* **RECORDS SUPPLIED**:
◇ ◇ ◇ ◇ ◇

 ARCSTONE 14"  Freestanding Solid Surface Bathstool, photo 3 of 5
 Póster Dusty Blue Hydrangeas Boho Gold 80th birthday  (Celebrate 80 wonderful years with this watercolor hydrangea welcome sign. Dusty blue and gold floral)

◇ ◇ ◇ ◇ ◇

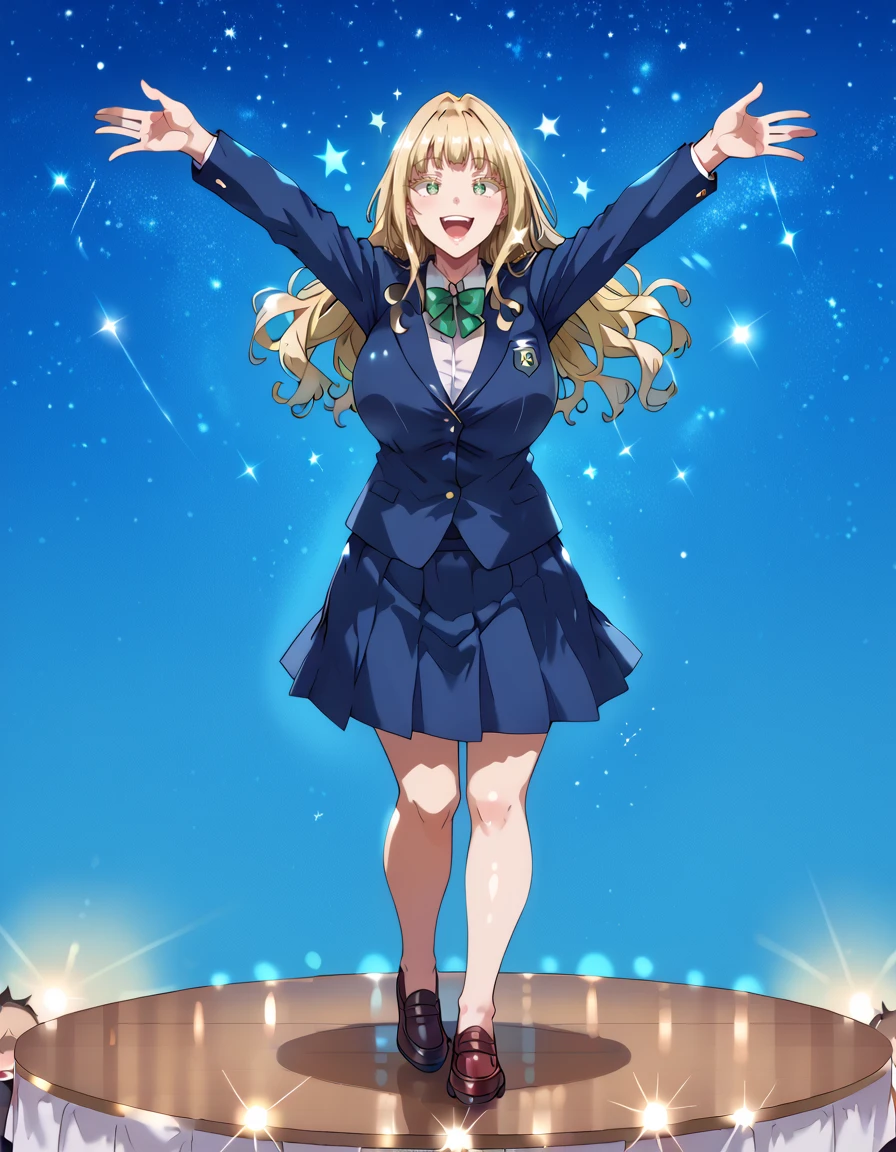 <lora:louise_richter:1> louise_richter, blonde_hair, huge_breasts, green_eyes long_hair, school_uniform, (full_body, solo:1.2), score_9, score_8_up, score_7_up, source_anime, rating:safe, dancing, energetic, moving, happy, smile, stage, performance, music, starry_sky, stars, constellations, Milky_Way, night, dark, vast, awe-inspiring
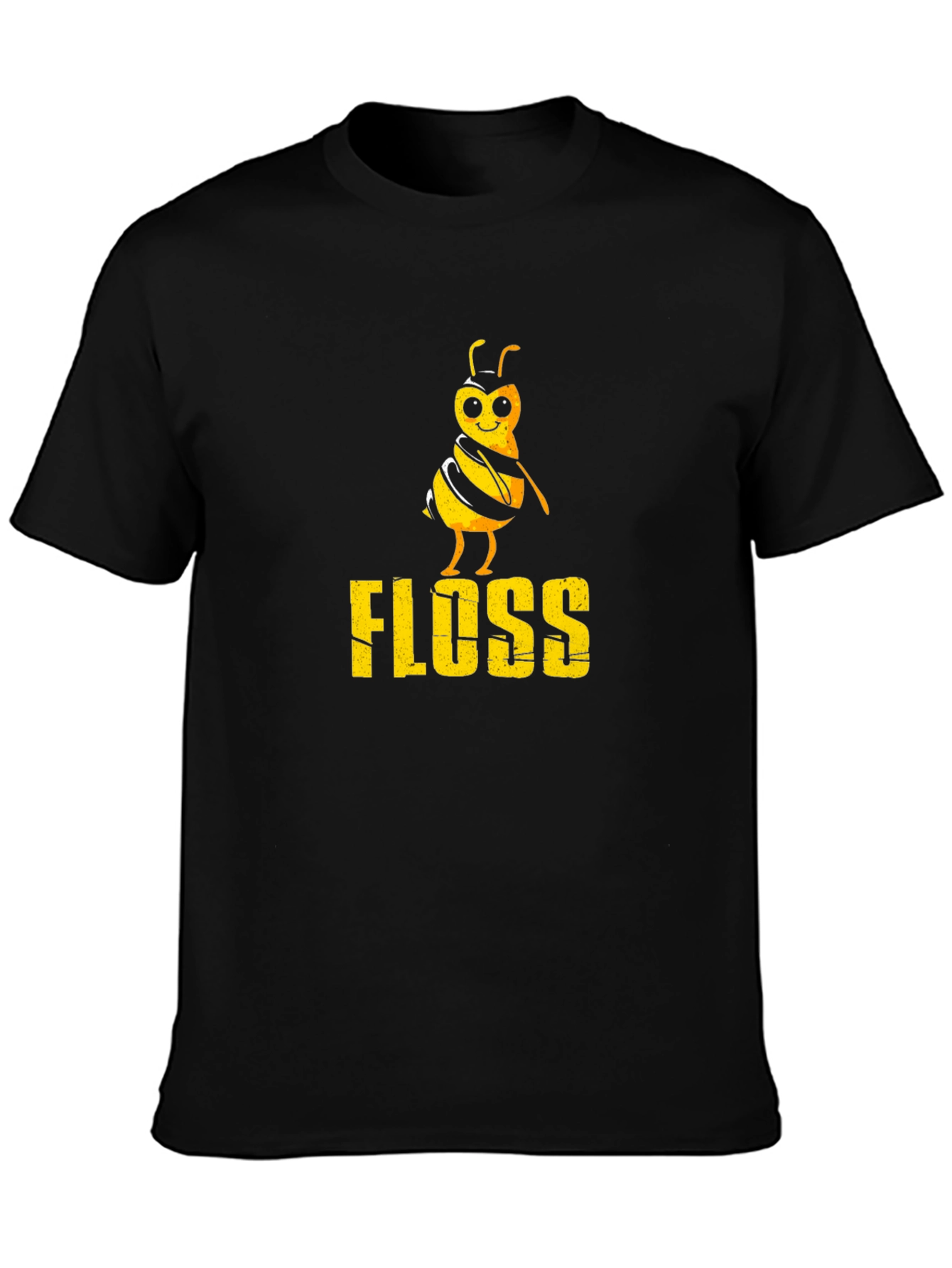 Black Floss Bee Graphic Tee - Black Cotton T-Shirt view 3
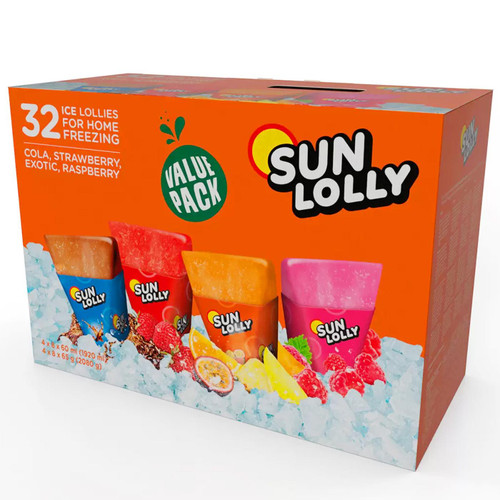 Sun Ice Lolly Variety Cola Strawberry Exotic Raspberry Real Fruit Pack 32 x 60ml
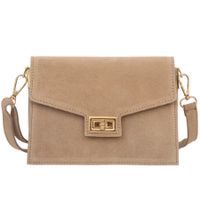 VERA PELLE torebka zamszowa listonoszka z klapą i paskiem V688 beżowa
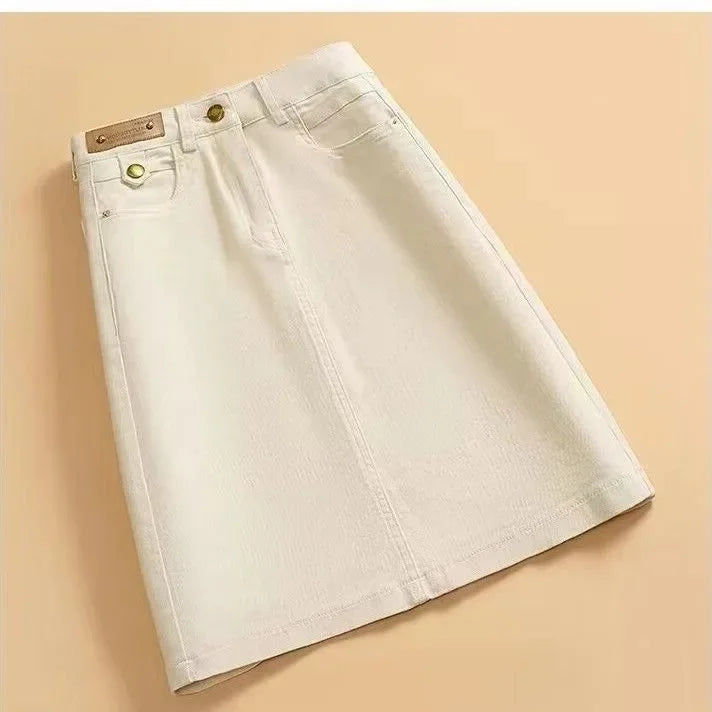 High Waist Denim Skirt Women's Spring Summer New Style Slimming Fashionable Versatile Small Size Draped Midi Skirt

◇ ◇ ◇ ◇ ◇

* **PROBLEM TO WORK ON**:
Where a picture appears in the records above, omit it, and transcribe exactly the stretch of lines from the one with "Sun Ice Lolly" through the one with "High Waist Denim".

* **REPLY TO THE TASK**:
 Sun Ice Lolly Variety Cola Strawberry Exotic Raspberry Real Fruit Pack 32 x 60ml
 VERA PELLE torebka zamszowa listonoszka z klapą i paskiem V688 beżowa
 High Waist Denim Skirt Women's Spring Summer New Style Slimming Fashionable Versatile Small Size Draped Midi Skirt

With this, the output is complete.